Task item. If you see a picture in the data below, omit it and copy the rest exactly.

***** Data block

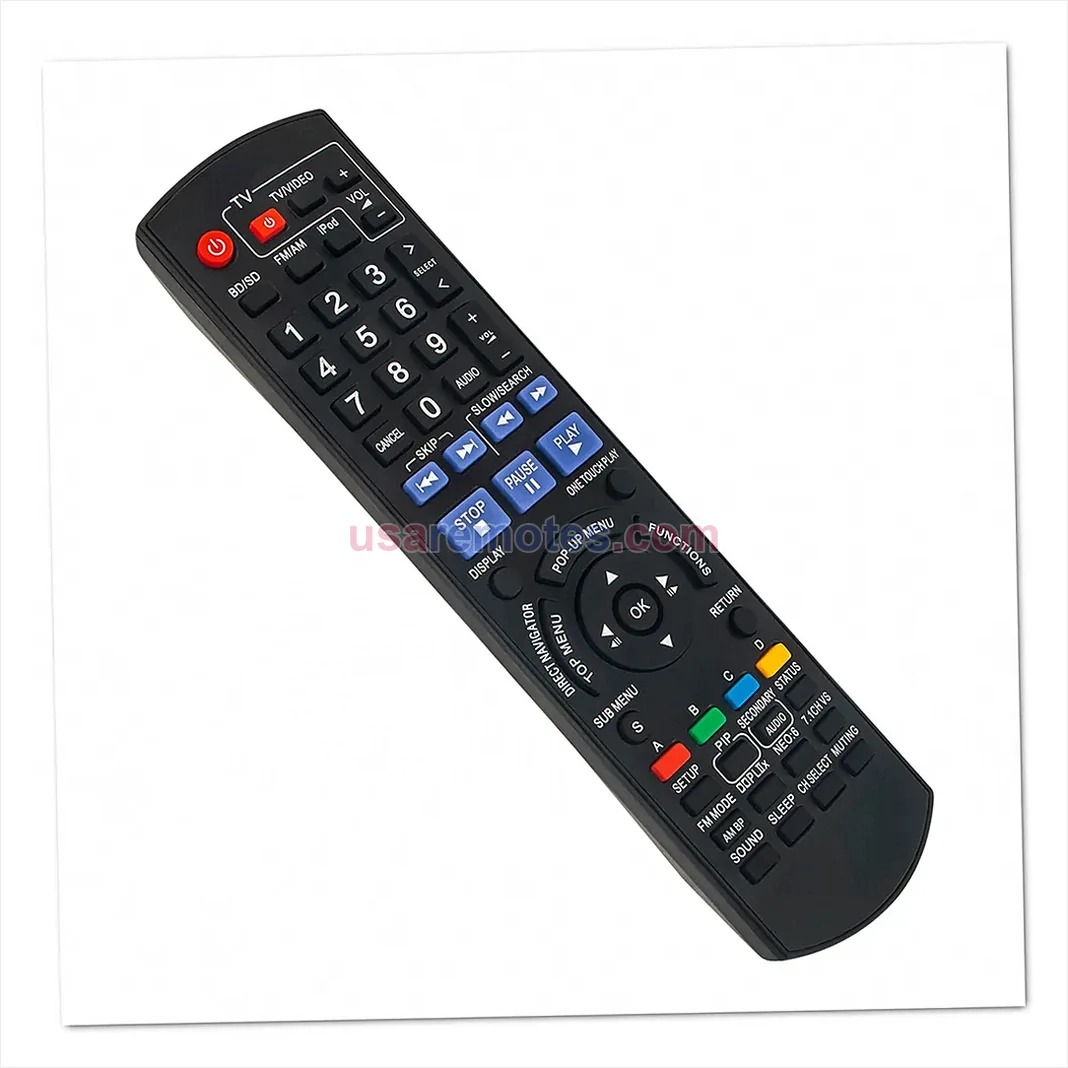Panasonic SB-HW560 remote control replacement Panasonic SB-HW560 remote control replacement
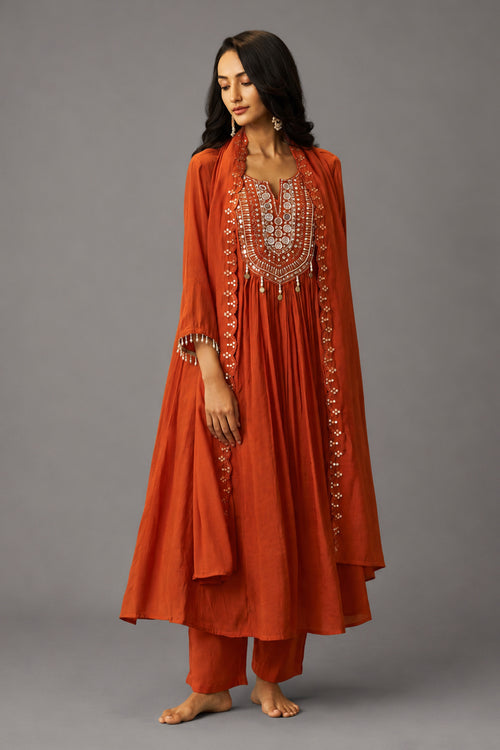 Shehnaz Kurta Set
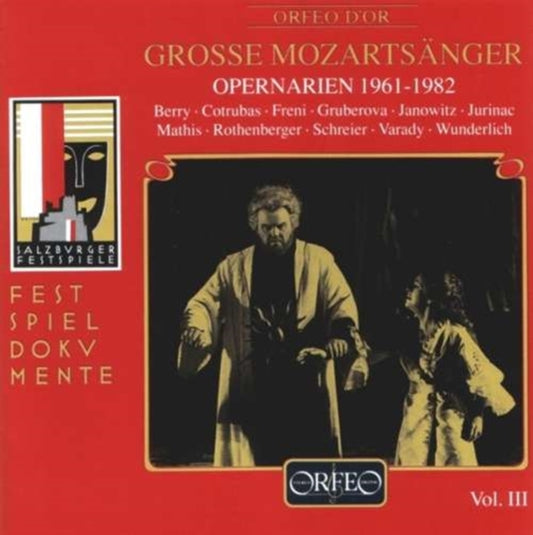 Mozart - Various (CD)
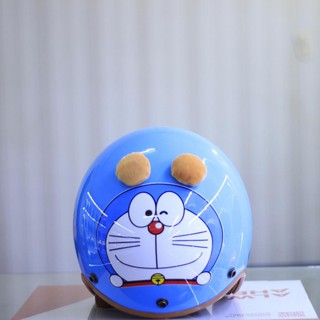MŨ BẢO HIỂM 3/4 NTMAX DORAEMON SIÊU DỄ THƯƠNG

**********

Solution below.
Panasonic SB-HW560 remote control replacement Panasonic SB-HW560 remote control replacement
 Shehnaz Kurta Set
 Mozart - Various (CD)
MŨ BẢO HIỂM 3/4 NTMAX DORAEMON SIÊU DỄ THƯƠNG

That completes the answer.